Vyacheslav Tuchnin, the minister counselor at the Russian Embassy in Tallinn, [Estonia,] has told local ethnic Russians that “the recognition by Russia of the occupation of Estonia by the Soviet Union is inevitable” and that they should “not interfere with this process,” a Russian activist in Estonia has complained to a sympathetic Russian news agency.Paul Goble seems to have an exclusive in the English language.
We recall the Berlin Wall as the end of the Soviet Union and the Cold War, but the way to those televisable actions was paved by quiet acknowledgement of reality by the Soviets: that the satellites should be allowed to go their own way; that applying the doctrine of class struggle to international relations really wasn't working.
In 1939, Hitler and Stalin agreed to be allies and, in a secret annex to their agreement, projected how they would divide up Eastern Europe. That agreement is known by the names of the foreign ministers who negotiated it, the Molotov-Ribbentrop Pact. Hitler broke the agreement by invading the Soviet Union in June 1941. But the Soviet Union ended World War II occupying or controlling much of the territory ceded to it by the Molotov-Ribbentrop Pact.
Even when the Soviet satellites were cast free, the Soviet Union, and later Russia, continued the fiction that the Baltic countries and others that they occupied had joined the Union voluntarily, that occupation was the wrong word.
Going back to the origins of Russia in Muscovy and Kievan Rus, there has been an obsession with what has been called more recently "the near abroad." This obsession is not entirely unjustified; with land borders, Russia has been invaded by Mongols, the French under Napoleon, and the Nazis. There have been issues with other countries as well. The outcome of this obsession has been to engulf the near abroad, to protect the existing boundaries. This, however, extends the boundaries outward and incorporated people who thought they were doing just fine under their own rulers.
For the past decade or so, the concern about the near abroad has flamed up in Russia again. During the Soviet times, ethnic Russians were encouraged to settle in the engulfed territories, and those who remained after the dissolution of the Soviet Union were encouraged to mount demonstrations for their rights. For the first few years after that dissolution, some laws in some of the former Soviet republics were discriminatory, but that discrimination has been removed, particularly in the countries that have joined the European Union.
So, in 2007, ethnic Russians in Tallinn were encouraged by the Russian government to demonstrate against the removal of a Soviet war memorial from downtown Tallinn to a cemetary outside of town.
Now an official of the Russian embassy is telling those same ethnic Russians to prepare for the Russian government's acknowledgement that Estonia was under Soviet occupation.
Victory Day, May 8 or 9 depending on who is celebrating it, commemorates the surrender of Germany in 1945. That day has been traditional for ethnic Russian demonstrations in the "near abroad."
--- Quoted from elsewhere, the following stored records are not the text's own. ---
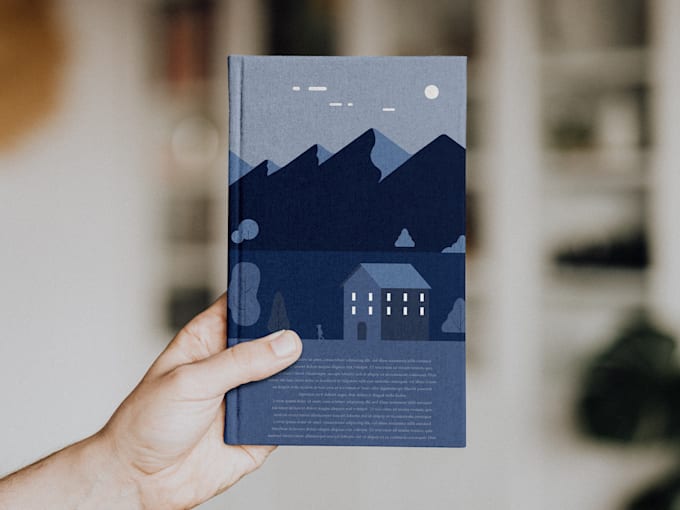 design unique book cover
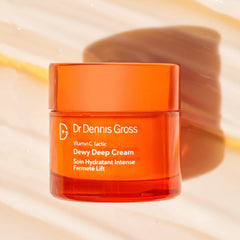 Dr Dennis Gross Skincare Vitamin C Lactic Dewy Deep Cream 2 fl oz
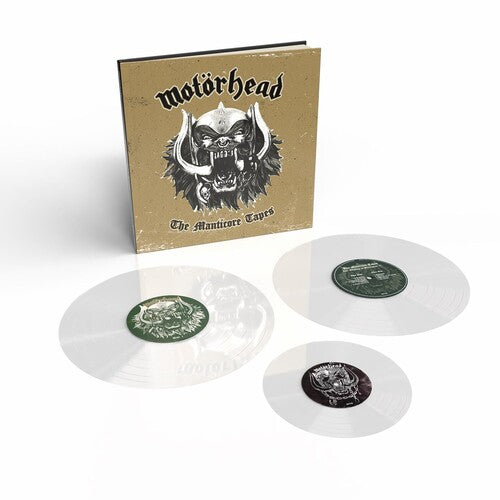 Motorhead- The Manticore Tapes [Deluxe Bookpack] - VINYL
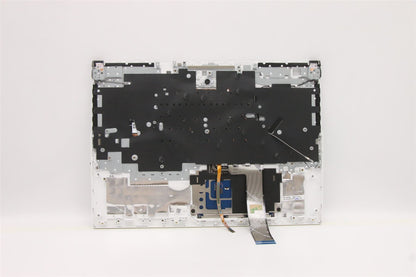 Lenovo 5 16ITH6 Palmrest Cover Touchpad Keyboard Hebrew Silver 5CB1D10515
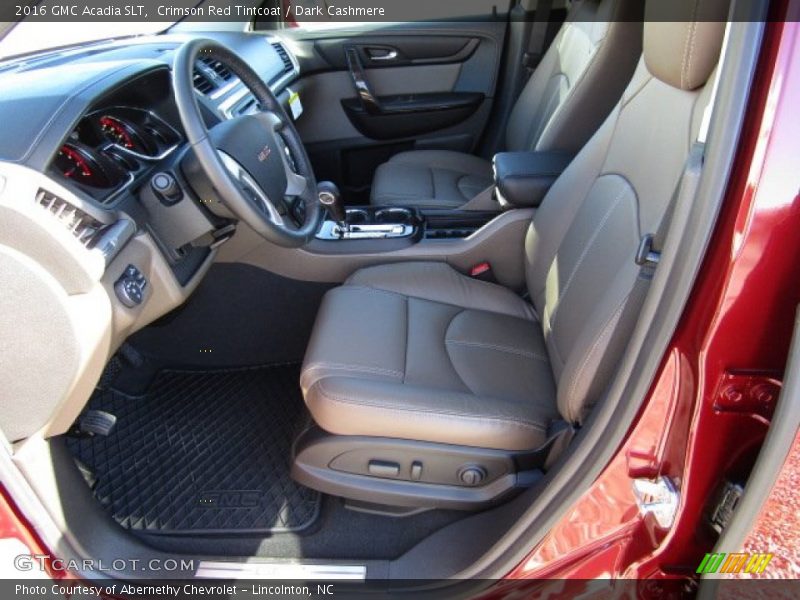 Crimson Red Tintcoat / Dark Cashmere 2016 GMC Acadia SLT
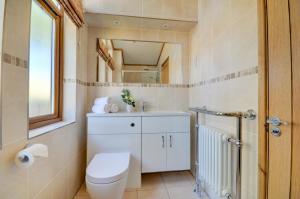 Bilik mandi di Puffin Lodge +6 gambar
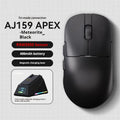 PAW3395 PAW3950 triple mode gaming mouse in compact design with Teflon feet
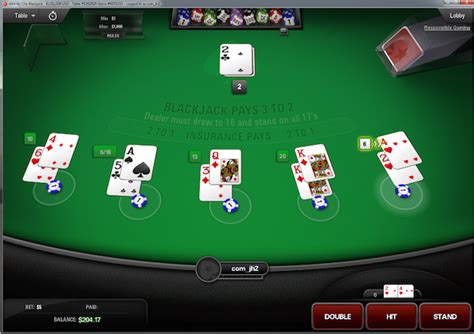 Blackjack Op Pokerstars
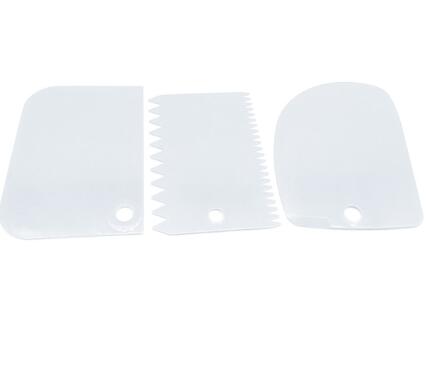 Kit with 3pcs Spatulas for Cake Decorating 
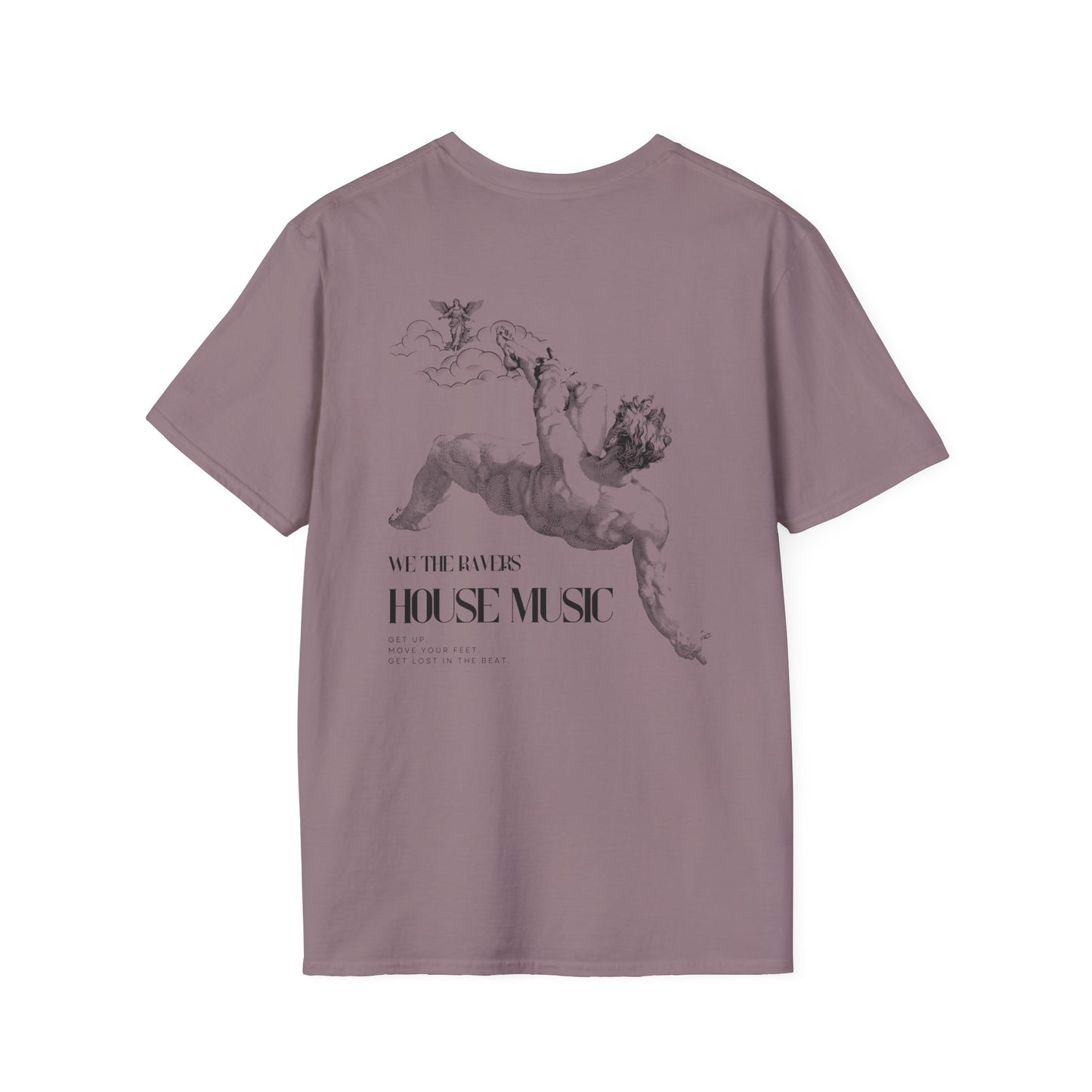Falling - Unisex Softstyle T-Shirt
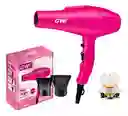 Secador De Cabello Gw 6617 Fucsia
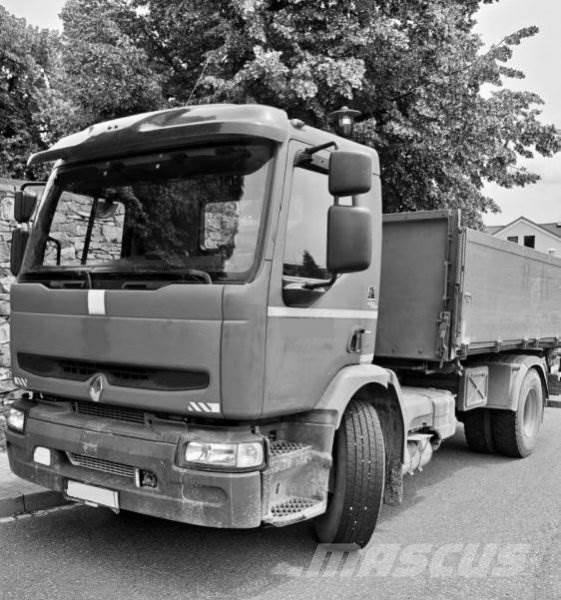 Renault Premium 250 Самосвал
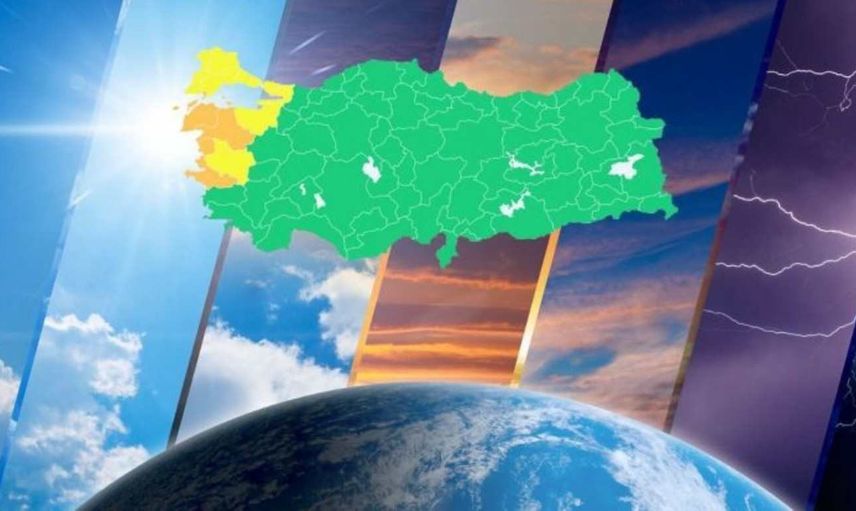 Meteoroloji AFAD Sarı kodlu uyarı nedir?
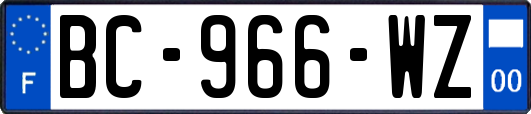 BC-966-WZ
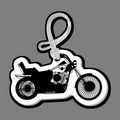Motorcycle Silhouette (Harley) Luggage/Bag Tag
It appears that Moscow may be moving toward a less aggressive stance toward the "near abroad." Moscow may be feeling less threatened by NATO, and the conclusion of the New START treaty may be allaying fears that the Cold War still is active in American thought. It's a positive step for a Russian official to urge reconciliation before any official statement is issued, and it's positive that they are doing this even while Georgia's president, Mikhail Saakashvili, continues his accusatory rhetoric.
1 comment:
Interesting...that last link has expired already. The article went much further than others I've seen on the subject...perhaps too far?